Some systems develop data archival, shutdown, and system disposal procedures during the development phase. If so, then these are input to system retirement. If not, then the procedures are developed during the retirement phase.

If the system’s function is being migrated to a new system, the specification and design of the new system is an input, and is used to develop a migration plan during the retirement phase. An unpopulated but functional installation of the new system is also involved.

Outputs. There are three kinds of outputs from system retirement:

A new system that includes information and materials migrated from the system being retired, if appropriate.
Archived information and artifacts.
Physical resources and debris. Resources that have residual value or are reusable are separated from debris that cannot be reused feasibly.

Milestones. The overall retirement phase starts with a milestone decision that the system should be retired.

After that, the three threads of activity—migration, archival, and disposal—each have readiness milestones for reviewing and approving a plan for each, and a verification milestone to confirm that each was completed correctly. The disposal readiness milestone also checks that migration and archival have completed.

There is also a decision milestone to determine when the running system should be taken out of service in order to start migration to a new system and archival.

29.10 System retirement examples

There are many different ways systems are retired. Here are three examples that illustrate different approaches.

Simple software system. When retiring software such as a workstation or phone application, the objective is to remove the software from the system on which it runs, so that none of the software or its related files remain. This is typically done by running an uninstall program that is set up to remove any files that were added on installation, plus any internal files that might have been created (configuration, logs, caches). This uninstaller is typically developed as a part of the application and packaged with it. In some cases, the software can be disposed of by erasing the storage devices that held the software and its related files.

Sometimes retiring an application means that the server on which the software was running is no longer needed, and so the server can be retired.

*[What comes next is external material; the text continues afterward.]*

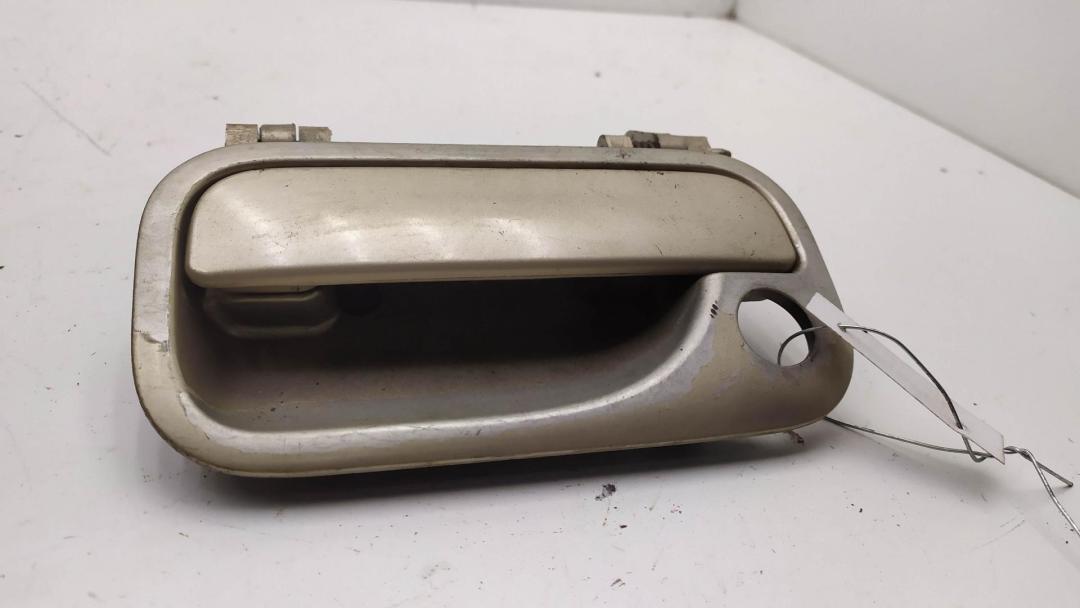 ручка наружная передняя левая Opel Vectra B 1997, 1.6 л., бензин, МКПП, серый, универсал, 90506712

Disposing of the server is similar to disposing of a vehicle, as discussed next.

Vehicle. Retiring a vehicle, such as a car or aircraft, involves getting rid of the vehicle’s physical parts while recovering as much value from the parts as possible. At the same time, records about the vehicle are retained for longer in order to meet financial record-keeping needs as well as supporting analysis of maintenance or reliability for other similar vehicles.

The overall process is:

Take the vehicle out of service, meaning that it is no longer available for regular use.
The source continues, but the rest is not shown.